Modeling of ontology using terminologies defined by detection assays.
Cohort specificity.
We introduced cohorts as the most granular database object relating to trials and allowed one trial to be linked to multiple independent cohorts via a one-to-many relationship from trials to cohorts.
Annotation interface.
Because trial matching has the potential to affect clinical outcomes, we elected to require manual review of some key trial information that cannot be automatically aggregated. We developed a Web-based annotation interface that allows curators to enter these data. The computationally aggregated fields are not manually reviewed but are displayed by the interface. We developed this interface using the Java software development kit (Oracle), employing HTML5, JavaScript, and Angular in the front end and Oracle in the database back end.

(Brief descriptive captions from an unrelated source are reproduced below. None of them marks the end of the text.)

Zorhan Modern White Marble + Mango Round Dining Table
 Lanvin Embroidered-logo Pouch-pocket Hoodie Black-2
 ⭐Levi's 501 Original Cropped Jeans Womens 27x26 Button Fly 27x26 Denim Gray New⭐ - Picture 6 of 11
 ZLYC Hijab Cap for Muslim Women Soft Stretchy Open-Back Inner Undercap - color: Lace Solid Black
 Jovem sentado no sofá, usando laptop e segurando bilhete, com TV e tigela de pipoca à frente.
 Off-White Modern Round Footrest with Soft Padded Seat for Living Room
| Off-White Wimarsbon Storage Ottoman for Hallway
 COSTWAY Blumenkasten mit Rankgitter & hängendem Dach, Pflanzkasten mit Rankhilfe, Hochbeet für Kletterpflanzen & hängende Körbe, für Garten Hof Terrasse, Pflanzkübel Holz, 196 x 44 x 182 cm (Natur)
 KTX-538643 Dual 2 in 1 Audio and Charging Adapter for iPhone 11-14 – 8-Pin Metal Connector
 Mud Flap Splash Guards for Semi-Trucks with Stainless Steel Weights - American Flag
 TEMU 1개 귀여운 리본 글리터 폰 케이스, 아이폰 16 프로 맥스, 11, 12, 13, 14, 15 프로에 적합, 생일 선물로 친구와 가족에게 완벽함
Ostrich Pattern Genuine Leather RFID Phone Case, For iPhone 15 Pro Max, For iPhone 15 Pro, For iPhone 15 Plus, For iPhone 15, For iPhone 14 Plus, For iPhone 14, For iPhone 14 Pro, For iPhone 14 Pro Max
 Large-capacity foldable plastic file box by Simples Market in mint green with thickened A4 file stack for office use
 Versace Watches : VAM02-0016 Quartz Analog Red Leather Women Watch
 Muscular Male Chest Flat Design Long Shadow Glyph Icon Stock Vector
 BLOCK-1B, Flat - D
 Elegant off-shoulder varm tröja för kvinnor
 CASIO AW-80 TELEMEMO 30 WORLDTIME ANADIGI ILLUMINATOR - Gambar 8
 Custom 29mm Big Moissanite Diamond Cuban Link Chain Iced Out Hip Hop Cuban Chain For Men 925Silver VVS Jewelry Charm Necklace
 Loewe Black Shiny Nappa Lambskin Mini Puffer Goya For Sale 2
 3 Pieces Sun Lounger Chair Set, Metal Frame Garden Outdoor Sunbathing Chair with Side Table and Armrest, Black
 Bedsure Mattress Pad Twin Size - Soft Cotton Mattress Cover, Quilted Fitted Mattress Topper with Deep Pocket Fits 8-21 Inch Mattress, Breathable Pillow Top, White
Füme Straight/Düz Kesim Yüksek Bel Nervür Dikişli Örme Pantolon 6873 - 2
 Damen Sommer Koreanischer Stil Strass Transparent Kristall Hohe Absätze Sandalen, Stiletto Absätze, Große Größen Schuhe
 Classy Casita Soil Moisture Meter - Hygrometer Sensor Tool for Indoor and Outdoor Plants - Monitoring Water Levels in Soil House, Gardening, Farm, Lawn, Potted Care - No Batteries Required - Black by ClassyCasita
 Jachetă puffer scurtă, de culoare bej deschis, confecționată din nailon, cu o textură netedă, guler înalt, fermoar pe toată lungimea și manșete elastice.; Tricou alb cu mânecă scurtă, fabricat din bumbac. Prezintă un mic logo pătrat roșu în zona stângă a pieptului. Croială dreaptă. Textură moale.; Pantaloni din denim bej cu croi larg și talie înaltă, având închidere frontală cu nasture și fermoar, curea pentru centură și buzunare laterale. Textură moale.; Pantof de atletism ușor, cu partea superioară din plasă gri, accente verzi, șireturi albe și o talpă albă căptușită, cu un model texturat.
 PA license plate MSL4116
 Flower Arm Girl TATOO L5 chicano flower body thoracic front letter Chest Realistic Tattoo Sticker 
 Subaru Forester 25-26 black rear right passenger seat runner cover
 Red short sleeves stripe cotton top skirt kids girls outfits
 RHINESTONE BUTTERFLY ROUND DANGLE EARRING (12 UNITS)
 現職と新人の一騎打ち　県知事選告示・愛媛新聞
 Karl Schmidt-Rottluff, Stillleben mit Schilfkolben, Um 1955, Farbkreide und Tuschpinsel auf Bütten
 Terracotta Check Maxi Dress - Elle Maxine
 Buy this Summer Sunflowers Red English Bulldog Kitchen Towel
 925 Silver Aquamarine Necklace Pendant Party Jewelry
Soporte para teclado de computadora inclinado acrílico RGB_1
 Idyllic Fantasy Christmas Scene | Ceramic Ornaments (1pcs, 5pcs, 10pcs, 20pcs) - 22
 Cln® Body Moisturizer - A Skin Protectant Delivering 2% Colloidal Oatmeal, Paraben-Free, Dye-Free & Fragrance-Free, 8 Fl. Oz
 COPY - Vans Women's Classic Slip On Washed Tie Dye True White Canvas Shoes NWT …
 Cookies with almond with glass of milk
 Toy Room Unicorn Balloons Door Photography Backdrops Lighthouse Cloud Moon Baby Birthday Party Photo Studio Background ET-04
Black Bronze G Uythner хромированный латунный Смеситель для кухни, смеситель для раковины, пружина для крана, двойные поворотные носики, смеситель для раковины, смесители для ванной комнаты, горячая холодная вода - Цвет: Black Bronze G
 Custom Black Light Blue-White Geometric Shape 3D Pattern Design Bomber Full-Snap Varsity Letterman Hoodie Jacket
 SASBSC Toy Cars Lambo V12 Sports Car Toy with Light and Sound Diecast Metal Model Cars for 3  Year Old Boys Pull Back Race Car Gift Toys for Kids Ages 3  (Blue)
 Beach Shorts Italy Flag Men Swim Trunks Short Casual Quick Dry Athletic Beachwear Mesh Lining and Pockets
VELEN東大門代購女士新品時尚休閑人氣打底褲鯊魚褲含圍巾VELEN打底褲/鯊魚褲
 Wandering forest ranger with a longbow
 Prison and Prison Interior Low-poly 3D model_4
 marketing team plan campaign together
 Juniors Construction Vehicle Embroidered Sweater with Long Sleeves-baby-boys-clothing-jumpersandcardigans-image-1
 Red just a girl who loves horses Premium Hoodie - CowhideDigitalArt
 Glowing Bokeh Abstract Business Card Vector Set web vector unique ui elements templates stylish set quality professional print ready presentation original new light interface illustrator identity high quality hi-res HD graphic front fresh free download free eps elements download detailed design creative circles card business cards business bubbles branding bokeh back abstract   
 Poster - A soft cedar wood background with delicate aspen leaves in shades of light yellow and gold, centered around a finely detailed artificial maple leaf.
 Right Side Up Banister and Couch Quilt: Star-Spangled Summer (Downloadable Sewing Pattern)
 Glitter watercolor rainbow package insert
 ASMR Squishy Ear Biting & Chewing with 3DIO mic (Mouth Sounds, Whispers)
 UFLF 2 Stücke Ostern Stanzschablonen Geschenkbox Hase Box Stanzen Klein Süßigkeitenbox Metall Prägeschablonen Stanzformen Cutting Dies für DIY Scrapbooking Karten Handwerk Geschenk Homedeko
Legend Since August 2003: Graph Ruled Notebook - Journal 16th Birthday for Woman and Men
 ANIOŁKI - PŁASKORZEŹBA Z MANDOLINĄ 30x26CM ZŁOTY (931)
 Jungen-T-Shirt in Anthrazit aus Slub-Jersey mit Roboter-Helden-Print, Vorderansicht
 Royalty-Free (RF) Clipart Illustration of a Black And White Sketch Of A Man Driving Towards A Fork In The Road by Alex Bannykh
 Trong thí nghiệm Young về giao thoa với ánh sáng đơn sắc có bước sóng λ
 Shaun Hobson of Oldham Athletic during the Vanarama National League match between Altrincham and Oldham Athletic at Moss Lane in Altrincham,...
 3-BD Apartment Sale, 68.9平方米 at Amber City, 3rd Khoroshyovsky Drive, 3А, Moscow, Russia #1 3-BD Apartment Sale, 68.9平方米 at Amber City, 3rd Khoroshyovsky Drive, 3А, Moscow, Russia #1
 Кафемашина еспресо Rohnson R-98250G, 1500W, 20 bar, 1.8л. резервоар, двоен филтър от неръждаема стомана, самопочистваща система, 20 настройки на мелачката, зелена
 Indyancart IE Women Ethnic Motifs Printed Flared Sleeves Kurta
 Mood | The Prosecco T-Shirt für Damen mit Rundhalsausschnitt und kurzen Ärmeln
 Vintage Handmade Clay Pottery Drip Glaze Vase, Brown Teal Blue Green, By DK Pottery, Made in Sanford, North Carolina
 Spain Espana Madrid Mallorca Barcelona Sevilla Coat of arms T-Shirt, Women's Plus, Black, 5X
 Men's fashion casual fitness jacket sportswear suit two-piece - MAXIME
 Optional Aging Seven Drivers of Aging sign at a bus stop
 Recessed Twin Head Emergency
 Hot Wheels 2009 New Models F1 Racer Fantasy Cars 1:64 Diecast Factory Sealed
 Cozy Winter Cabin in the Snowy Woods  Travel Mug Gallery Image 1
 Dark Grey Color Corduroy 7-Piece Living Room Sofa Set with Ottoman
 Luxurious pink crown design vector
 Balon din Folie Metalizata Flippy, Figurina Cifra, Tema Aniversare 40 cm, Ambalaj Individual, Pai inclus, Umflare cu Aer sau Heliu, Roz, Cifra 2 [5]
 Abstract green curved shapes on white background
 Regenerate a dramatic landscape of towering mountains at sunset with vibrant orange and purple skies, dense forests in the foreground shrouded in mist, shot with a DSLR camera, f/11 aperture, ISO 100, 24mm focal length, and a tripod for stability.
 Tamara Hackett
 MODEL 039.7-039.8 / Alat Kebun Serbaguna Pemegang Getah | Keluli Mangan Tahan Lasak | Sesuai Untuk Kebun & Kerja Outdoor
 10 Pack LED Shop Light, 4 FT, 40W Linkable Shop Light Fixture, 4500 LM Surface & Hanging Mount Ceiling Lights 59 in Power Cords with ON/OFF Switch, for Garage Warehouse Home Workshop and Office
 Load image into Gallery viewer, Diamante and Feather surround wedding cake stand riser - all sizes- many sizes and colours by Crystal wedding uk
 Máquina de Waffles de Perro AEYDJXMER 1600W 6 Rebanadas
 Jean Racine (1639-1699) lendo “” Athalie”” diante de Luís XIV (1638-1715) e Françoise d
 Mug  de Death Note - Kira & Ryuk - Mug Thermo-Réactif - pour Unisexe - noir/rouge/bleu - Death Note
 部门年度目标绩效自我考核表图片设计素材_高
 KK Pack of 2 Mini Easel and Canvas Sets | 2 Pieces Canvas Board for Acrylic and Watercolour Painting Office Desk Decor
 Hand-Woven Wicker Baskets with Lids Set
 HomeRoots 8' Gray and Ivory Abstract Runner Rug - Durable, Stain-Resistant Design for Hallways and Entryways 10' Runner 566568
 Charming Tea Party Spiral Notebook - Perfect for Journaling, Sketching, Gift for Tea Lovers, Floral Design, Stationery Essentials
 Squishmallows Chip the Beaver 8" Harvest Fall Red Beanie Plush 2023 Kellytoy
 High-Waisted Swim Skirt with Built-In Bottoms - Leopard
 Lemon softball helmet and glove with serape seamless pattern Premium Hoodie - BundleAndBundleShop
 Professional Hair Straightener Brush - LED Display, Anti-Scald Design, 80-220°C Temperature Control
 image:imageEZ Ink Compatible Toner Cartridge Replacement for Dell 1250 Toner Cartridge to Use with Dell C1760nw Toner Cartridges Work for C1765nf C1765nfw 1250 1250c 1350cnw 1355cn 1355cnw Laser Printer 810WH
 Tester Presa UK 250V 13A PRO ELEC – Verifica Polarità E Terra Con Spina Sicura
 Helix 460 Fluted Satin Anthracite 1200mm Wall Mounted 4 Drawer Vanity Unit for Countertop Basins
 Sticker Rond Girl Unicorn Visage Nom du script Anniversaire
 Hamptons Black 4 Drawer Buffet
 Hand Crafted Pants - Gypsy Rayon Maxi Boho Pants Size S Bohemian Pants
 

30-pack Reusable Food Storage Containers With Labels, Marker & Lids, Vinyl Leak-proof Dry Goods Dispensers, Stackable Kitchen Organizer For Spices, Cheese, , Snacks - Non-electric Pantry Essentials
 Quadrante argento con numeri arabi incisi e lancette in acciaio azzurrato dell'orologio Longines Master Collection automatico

Leverage drug-gene associations for trials.
Several databases exist that correlate drugs with genes, such as DrugBank, Therapeutic Target Database, or Drug Gene Interaction database (DGIdb).19-21 We reviewed these databases and felt that the quality of the drug-gene association data was not sufficient to be used in clinical decision making. Therefore, we developed an in-house drug database that enables our team of expert curators and domain experts, including clinicians with expertise in precision oncology and scientists with expertise in molecular oncology, to manually review drugs and, based upon literature evidence, identify their direct or indirect gene targets, which are tagged with the drugs. With our drug-gene association approach, our trial retrieval is not limited to genotype-selected trials searching for patients with specific genomic alterations. Instead, it allows us to identify genotype-relevant trials (ie, trials that may be an appropriate match for the patient, given the relevant targets of the drug used, but the trial does not have explicit inclusion criteria for a matching molecular alteration). For example, this would allow us to match patients with HER2 amplification to trials with human epidermal growth factor receptor 2 inhibitors where HER2 amplification is not an eligibility requirement or trials using agents targeting downstream signaling, such as matching patients with BRAF fusion or NRAS mutation with MEK/Erk inhibitors that target downstream signaling. Whenever a drug is used in a cohort, the genes targeted by that drug are automatically linked to the cohort, provided that the genes themselves are considered therapeutically targetable.2
Update Module
Because eligibility criteria may change over the life of a clinical trial, it is essential to promptly update the existing annotation when a relevant protocol changes. Although the data aggregation module is capable of recalling the latest version of the data that is automatically ingested from the data sources, for the manually annotated content, completing an update is a labor-intensive task. The update module of OCTANE leverages NLP to monitor the change logs daily and alerts annotators when changes are identified. A public-facing interface of this module is made available via https://pct.mdanderson.org/octane (details provided in “Implementing OCTANE at Other Institutions”).
Trial change log monitor and postprocessor.
We developed a log monitor that crawls the ClinicalTrials.gov change log (using the pattern of https://clinicaltrials.gov/ct2/history/NCTID where NCTID is a placeholder). The text from change events is extracted and postprocessed to eliminate fields irrelevant for manual annotation, such as contact, role, sponsor, and location. ClinicalTrials.gov identifies two categories of changes: add and edit/delete. Such categorical labels have been retained for potentially relevant text.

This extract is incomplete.